Welcome to the "dairy cliff."
The farm bill expires at the end of the year and if Congress does not approve a replacement or extend the current law, the retail price of milk could rocket to $6 to $8 a gallon. Prices for other dairy products, including cheese, butter, ice cream and yogurt, would advance accordingly.
"If Jan. 1 comes and the old farm bill expires, things could hit the fan," said James Dunn, Ph.D., an agricultural economist at Penn State University. "Your food marketbasket prices would really be boosted."
Congress averted a similar crisis a year ago by extending the existing bill and lawmakers may extend it again and come to terms on final legislation in January.
But an ongoing battle over reduced spending on food stamps, which are financed through the bill, creates a sense of unease. Republicans are pushing for up to $40 billion in food stamp cuts over the next decade and Democrats are open to $4 billion in reductions.
Last week, lawmakers admitted they do not expect a new bill - or an extension - to emerge before Jan. 1.
The termination of current dairy subsidies would automatically revert to a 1949 farm bill. Under the 64-year-old law, the government would pay producers about $38 for each 100 pounds of milk, a standard measure equivalent to 11.6 gallons.
The current market rate for the same quantity is about $20, so suppliers would line up to cash in on higher government payments.
"We would have warehouses full of products, because the government would buy up surplus milk, cheese and powdered milk," Dunn said.
"A lot of people are concerned about that end-of-the-year deadline," said U.S. Sen. Bob Casey, a Scranton Democrat who sits on the Senate Agriculture Committee. "I think there's a substantial degree of determination to avoid any kind of a short-term extension, to get an agreement for a much longer duration."
The U.S. Department of Agriculture is expected to prevent any price eruption until the end of January and there is broad consensus Congress will avert a calamity before that.

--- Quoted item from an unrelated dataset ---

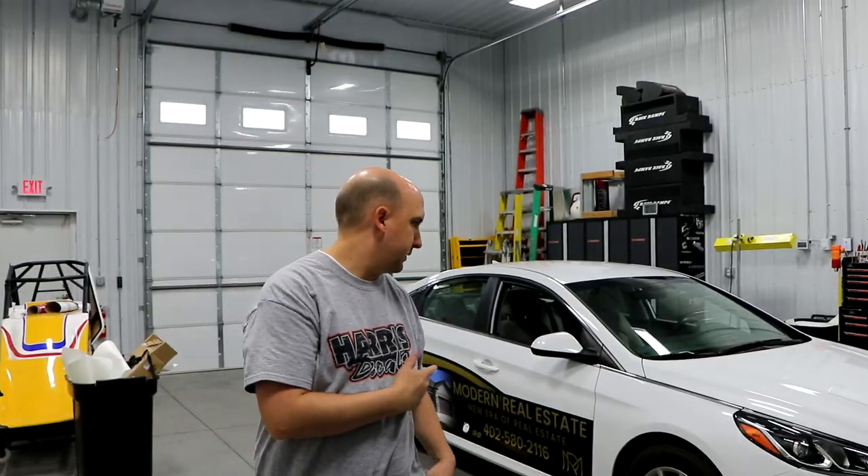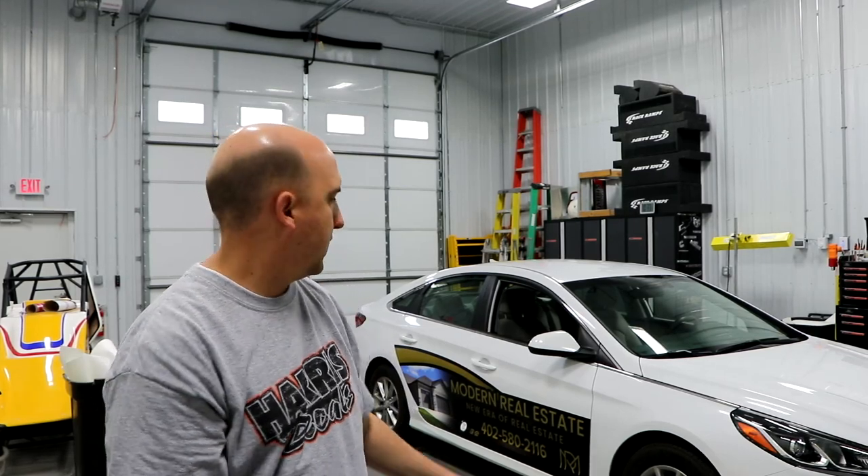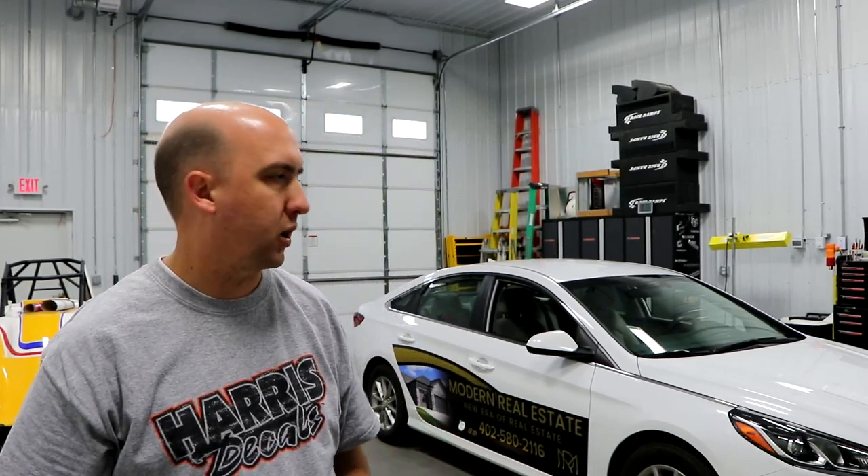We are all done with the Modern Real Estate car — the partial wrap. Turned out real sharp, brought a nice clean look to it. There were some curves to it that make it a little more difficult, but otherwise the install went great.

"I actually believe that they will get this done in January," said Andrew Novakovic, an agricultural economist at Cornell University in Ithaca, N.Y. "Even with our dysfunctional congressional circus, they have figured out that there is no good to come from this."
The public's dismal approval ratings of Congress should convince lawmakers to avoid more condemnation resulting from farm bill, Dunn said.
"They don't want to be tarred in public for being foolish again," he said.
Some are less assured, though, that trouble in the dairy aisle will be averted.
"We certainly would be concerned about it, for the fact that the price would go crazy," said Ray Petty, owner of Ray's ShurSave Markets in Old Forge, Factoryville, Waymart and Montrose. "Customers would be screaming at us because of it, and we don't want that to happen."
Further, Petty said, consumers would boycott dairy products at astronomical prices.
"Nobody is going to buy it if it's like that," he said. "It would just add to the mess that the economy is already in."
Dairy farmer Mary Fetter, who milks about 60 cows at a farm she and her husband, Paul, own near Lake Winola, shares the same concern.
"The farmer can't have milk at $6 a gallon," Mary Fetter said. "People will switch."
The farm bill affects many programs, from research and agricultural extension programs, to farm subsidies and payments to farmers whose livestock die in natural disasters.
But the political haggling over food stamps - currently costing $80 billion annually - leaves some farmers disgusted because the farm bill is important to their livelihood.
"Nobody is struggling like the dairy farmer and nobody cares," said Will Keating, a dairy farmer who lives near Mount Cobb. "At this point, every dairy farmer feels that everybody out there should own their own cow, feed it, take care of it and milk it twice a day for 365 days a year. Then, they would see what is involved."
The holdup bypasses debate over important farm issues as lawmakers engage in a feud over food stamps, Mary Fetter said.
"One frustrating thing for dairy farmers is, the actual agricultural part of the farm bill is not where most of the money is going. Most of the money is going to the welfare part," she said. "You have to wonder who the congressmen represent."